What needs to be done:
First find the line with "wholesale S925 Gold-Plated", then reproduce it and all following lines of the data to the end, exactly and with no pictures, adding nothing.

Input data:
++++++

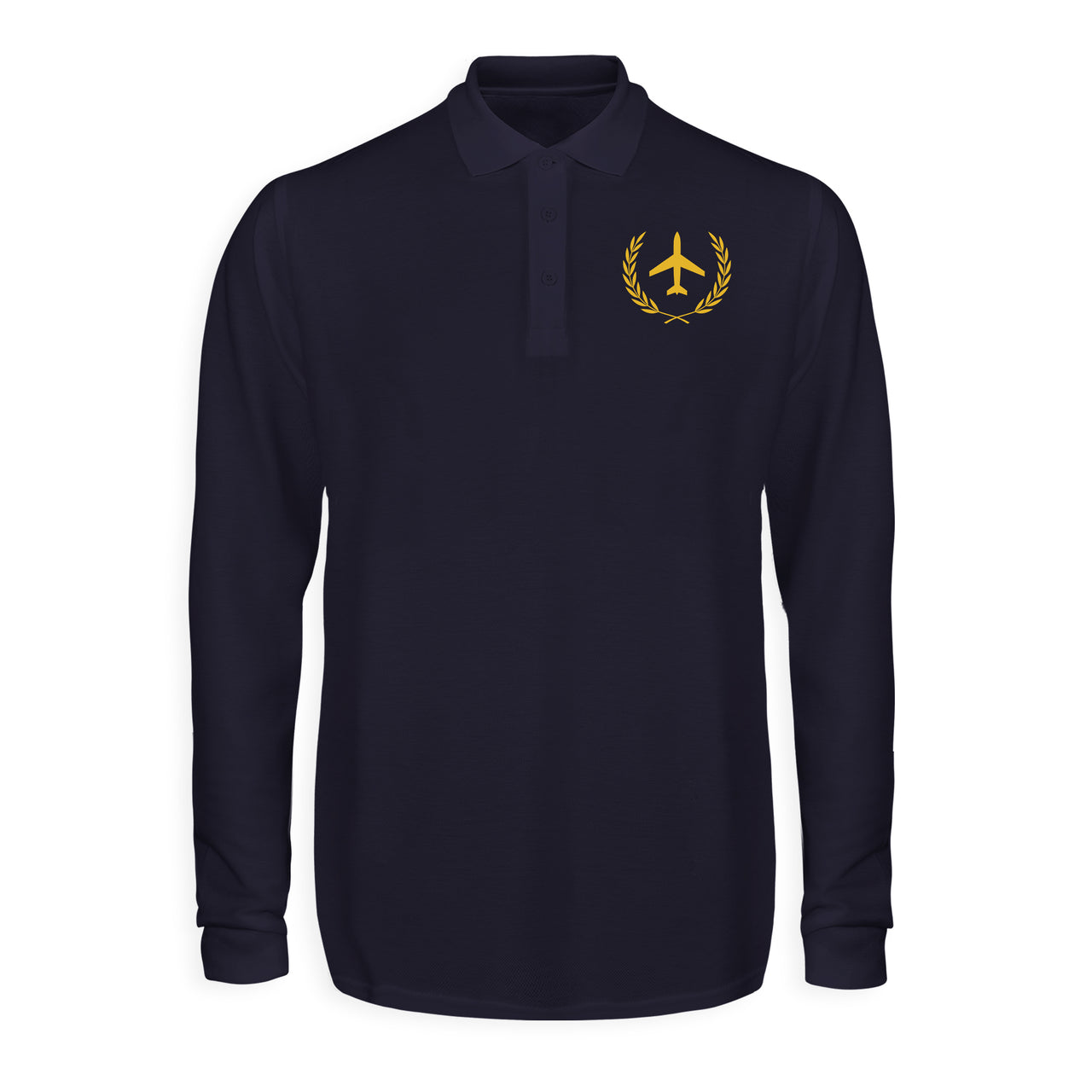 Leaf & Airplane Designed Long Sleeve Polo T-Shirts
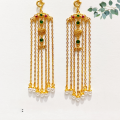 wholesale S925 Gold-Plated Red and Green Tassel Fringe Accessory Bracelet Necklace Charms DIY Handcraft Spacer Bead Semi-Finished Products-0-11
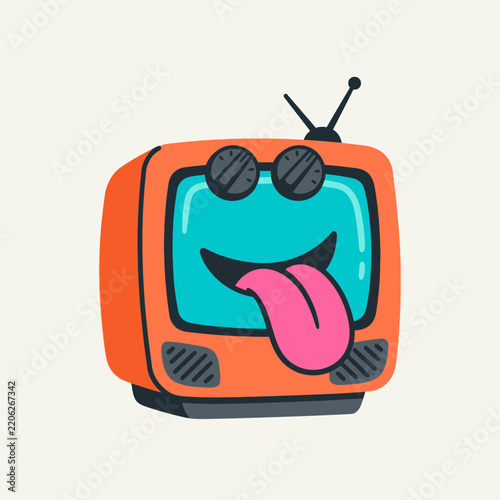 Cartoon television with sunglasses and a tongue sticking out.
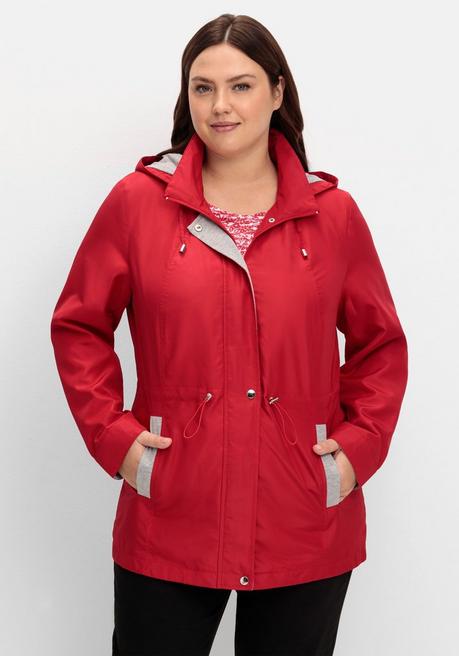 Sheego Übergangsjacke Mit Kapuze Und Kontrastdetails - Rot Sheego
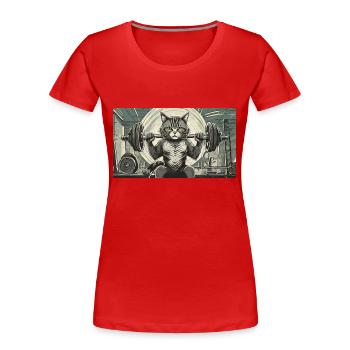 Pun ambiguous german expression - Muskelkater - Women's Premium Organic T-Shirt - red - Front - Mia (176cm)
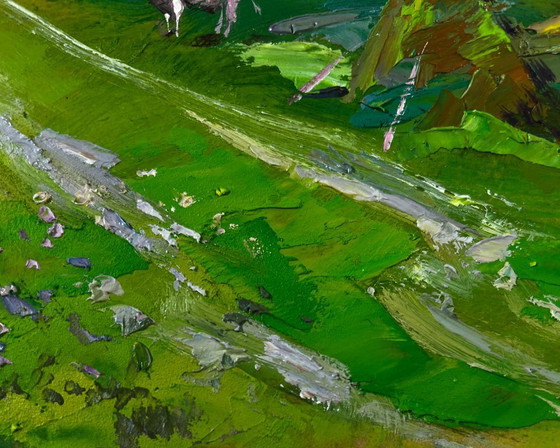 Image 1 of Original Oil Painting Rural Summer Landscape Quiet village on a green hill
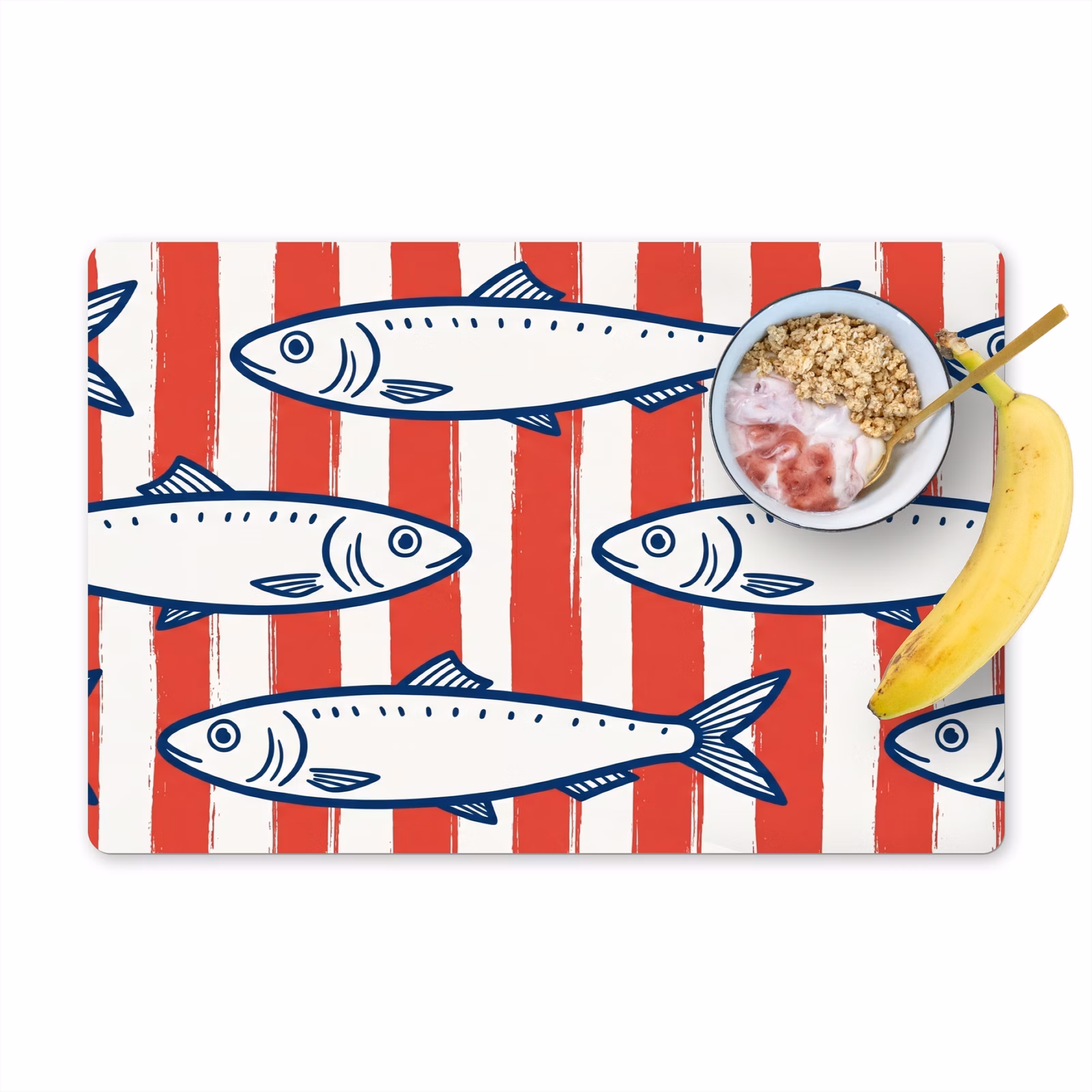 Set de table – 6 pièces - Poisson - Motif - Rayures - Illustration - Rouge — 1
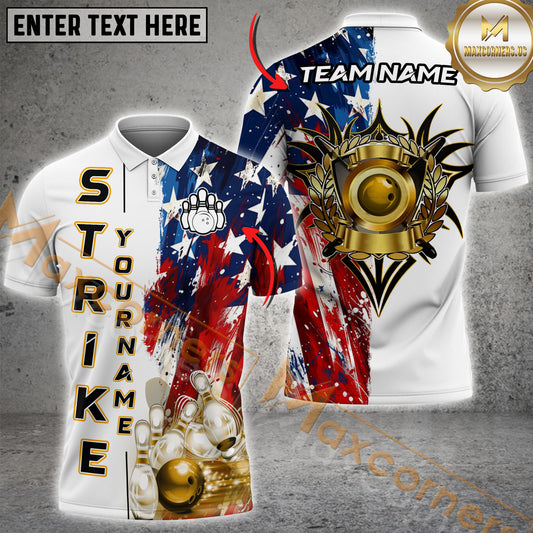 Maxcorner Bowling Ball & Pins Gold Premium Crown Multicolor Option Customized Name 3D Shirt (4 Colors)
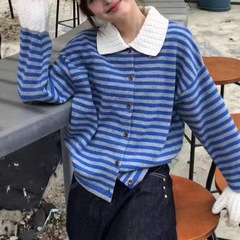 2025秋季新款复古撞色条纹女式毛衣休闲Polo领针织开衫上衣百搭款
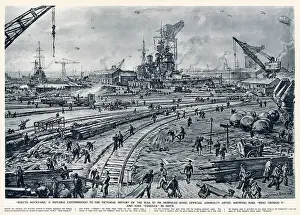Wwii Prints: WW2 - Rosyth Dockyard with HMS George V and HMS Cossack in dock Date: 1941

++++++

Task solution:
 wholesale S925 Gold-Plated Red and Green Tassel Fringe Accessory Bracelet Necklace Charms DIY Handcraft Spacer Bead Semi-Finished Products-0-11
 Cartoon television with sunglasses and a tongue sticking out.
 Sheego Übergangsjacke Mit Kapuze Und Kontrastdetails - Rot Sheego
 Pun ambiguous german expression - Muskelkater - Women's Premium Organic T-Shirt - red - Front - Mia (176cm)
 Image 1 of Original Oil Painting Rural Summer Landscape Quiet village on a green hill
 Set de table – 6 pièces - Poisson - Motif - Rayures - Illustration - Rouge — 1
 Maxcorner Bowling Ball & Pins Gold Premium Crown Multicolor Option Customized Name 3D Shirt (4 Colors)
 2025秋季新款复古撞色条纹女式毛衣休闲Polo领针织开衫上衣百搭款
Wwii Prints: WW2 - Rosyth Dockyard with HMS George V and HMS Cossack in dock Date: 1941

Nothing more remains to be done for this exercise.